Winners and Losers for the week ending September 29

This week’s focus was going to be on the crushing ineptitude of the federal government vis-à-vis its criminally glacial response to the worsening humanitarian crisis facing the 3.4 million US citizens of Puerto Rico.

But then a couple things happened. First, the island’s plight has reached above-the-fold status, enough so that real movement of aid and resources is happening – more than a week after Hurricane Maria hit, but still…

Concurrently, our self-inflicted statewide crisis continued to metastasize in a way markedly less leisurely than previously seen during the three months the commonwealth has been operating without a balanced budget.

Despite missing Medicaid provider payments and being downgraded by Standard & Poor’s last week, there was still no appreciable movement to come up with a revenue plan that could make it out of both chambers intact until a tentative last-minute deal on a pie-in-the-sky plan to drive revenue from expanding gaming in the state. Despite widespread bipartisan opposition to video gaming terminals, online gaming and “mini-casinos,” an agreement on this revenue stream is apparently enough to get the GOP majorities in the House and Senate back on track.

However, it appears increasingly likely that whatever form the final budget agreement takes, it will be lacking a severance tax on gas drillers – again, something that every other state in the country in a similar situation has in place. Indeed, if we are to go by what GOP Sen. Scott Wagner said during a York 912 Patriots meeting earlier this month, the tax shouldn’t be part of any agreement because of the damage it could do to his gubernatorial aspirations. “I told Stan" – Rep. Stan Saylor, chair of the House Appropriations Committee – "at a meeting three weeks ago – he was sitting like 15 feet away from me,” Wagner said. “I said, ‘Stan you cannot let this severance tax get through so that it gets to the governor’s desk because if that happens, the governor is going to get reelected. Stan, you take that to the bank.’”

At least Wagner was focused on the budget in some way, which is more than can be said of some of his GOP compatriots. While the future functionality of schools, nonprofits and pretty much everything else you can think of that requires state funding continued twisting in the Harrisburg wind, freshman Sen. Mike Regan was working on a crucial non-binding resolution condemning the NFL for its “anti-American demonstrations” in support of minorities receiving better treatment from law enforcement. And 106 GOP House members found the time to support a voter intimidation bill masquerading as legislation for statewide poll-watching – right before adjourning for the week so as not to have to consider the severance tax.

Priorities.

 

WINNERS

Public schools: Granted, this is a conditional win for school districts looking to force the state to live up to its constitutionally required responsibility to ensure fair funding, but the fact that the PA Supreme Court ruled that the Commonwealth Court must reconsider the schools’ position is a step in the right direction to close the funding gaps that lead to the digital divide and other inequities.

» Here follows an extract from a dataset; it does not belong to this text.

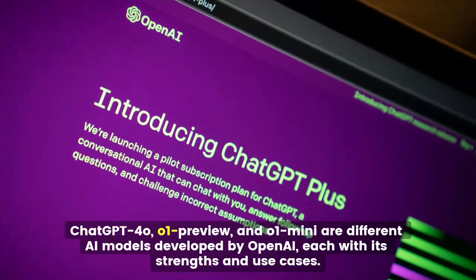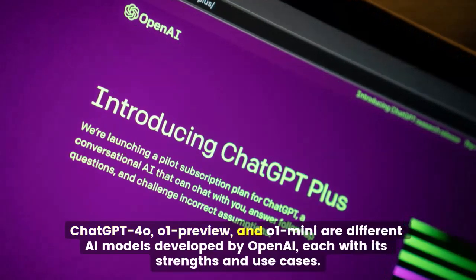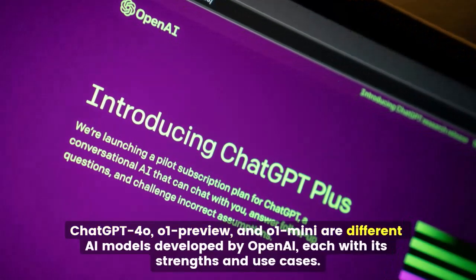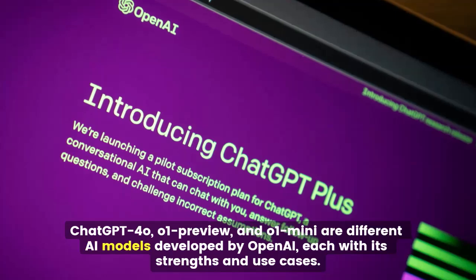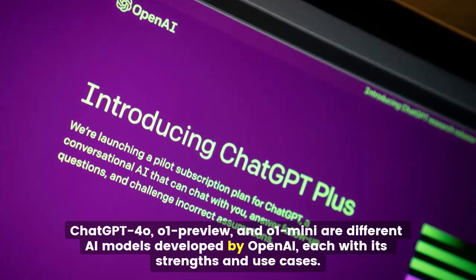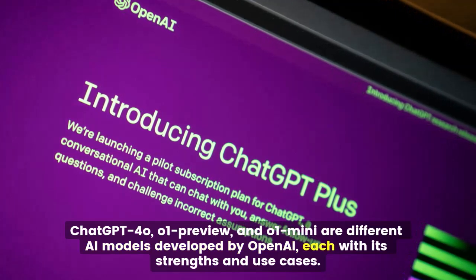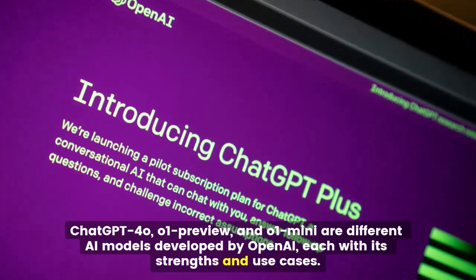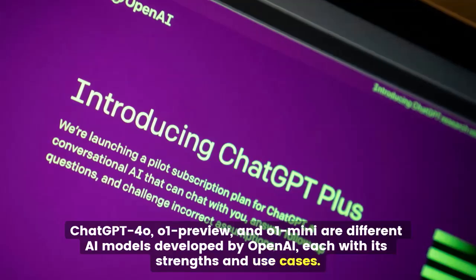ChatGPT 4.0, O1 Preview, and O1 Mini are different AI models developed by OpenAI, each with its strengths and use cases.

Octavius Catto: The 19th-century civil rights and sports pioneer became the first African American to have a statue placed on city property this week.

Josh Shapiro: The AG continues to make headlines, this week by announcing a lawsuit against three drug treatment centers linked to the late Rep. Allen Ertel and administrators of those facilities are accused of cooking the books to embezzle funds

 

LOSERS

Jim Kenney: While he gets props as one of the driving forces behind the overdue tribute to Catto, news this week that the Philadelphia mayor has fallen woefully short on his promise to make the city more bike-friendly – only two out of his promised 30 miles of protected bicycle lanes have come to fruition – hands him the L.

The PA LCB: How do you turn a monopoly on the wildly lucrative wine and spirits market into a money-losing venture? Just ask the fine folks in charge of the Liquor Control Board, who managed to turn in a net $114 million loss for fiscal 2017.

The taxi industry: Here’s the brutal downside to the headline-friendly “disruptor” palaver bestowed upon Uber and Lyft: Since the rideshare industry came online in Philadelphia, the price of a taxi medallion has dropped from $475,000 in October 2014 to just $10,000 in July of this year.